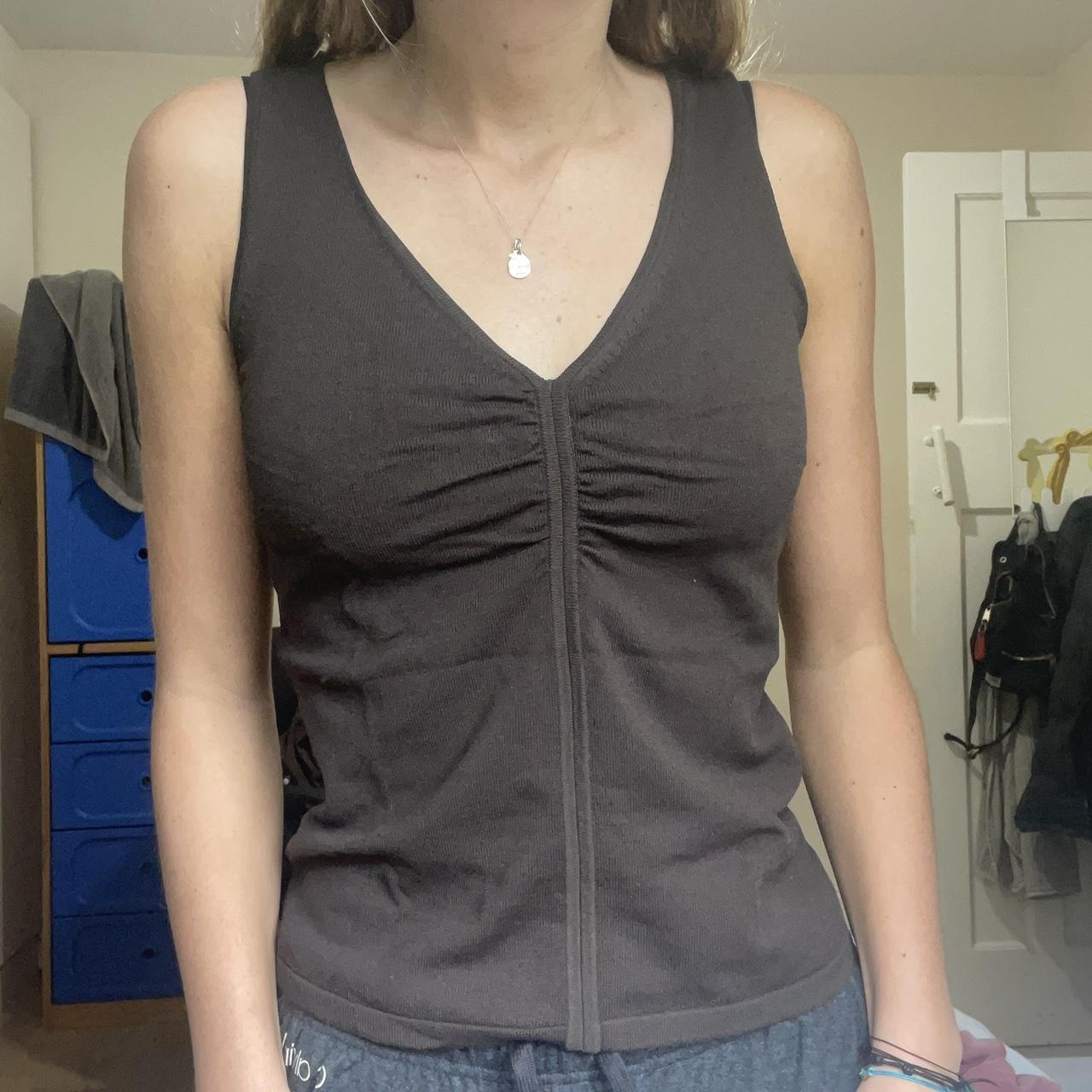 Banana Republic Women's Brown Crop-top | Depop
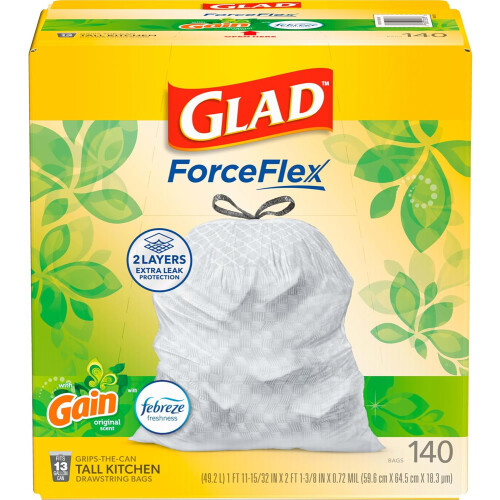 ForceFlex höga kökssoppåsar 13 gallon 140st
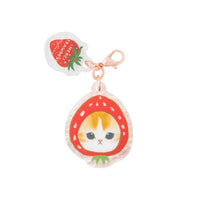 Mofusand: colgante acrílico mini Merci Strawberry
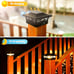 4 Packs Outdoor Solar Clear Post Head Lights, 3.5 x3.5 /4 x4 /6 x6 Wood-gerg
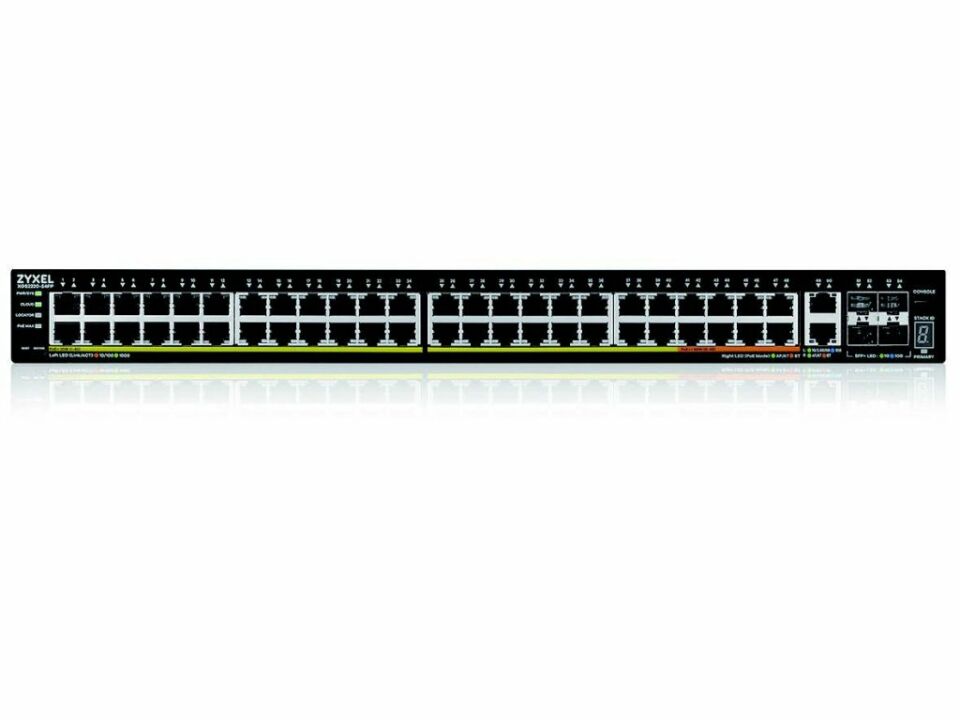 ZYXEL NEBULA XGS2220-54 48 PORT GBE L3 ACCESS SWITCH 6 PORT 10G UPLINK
##############################
Your objective
Set down each record above exactly as it stands and leave out all pictures.

Result of the task
 Banana Republic Women's Brown Crop-top | Depop
 ForceFlex höga kökssoppåsar 13 gallon 140st
 Mofusand: colgante acrílico mini Merci Strawberry
 4 Packs Outdoor Solar Clear Post Head Lights, 3.5 x3.5 /4 x4 /6 x6 Wood-gerg
 ZYXEL NEBULA XGS2220-54 48 PORT GBE L3 ACCESS SWITCH 6 PORT 10G UPLINK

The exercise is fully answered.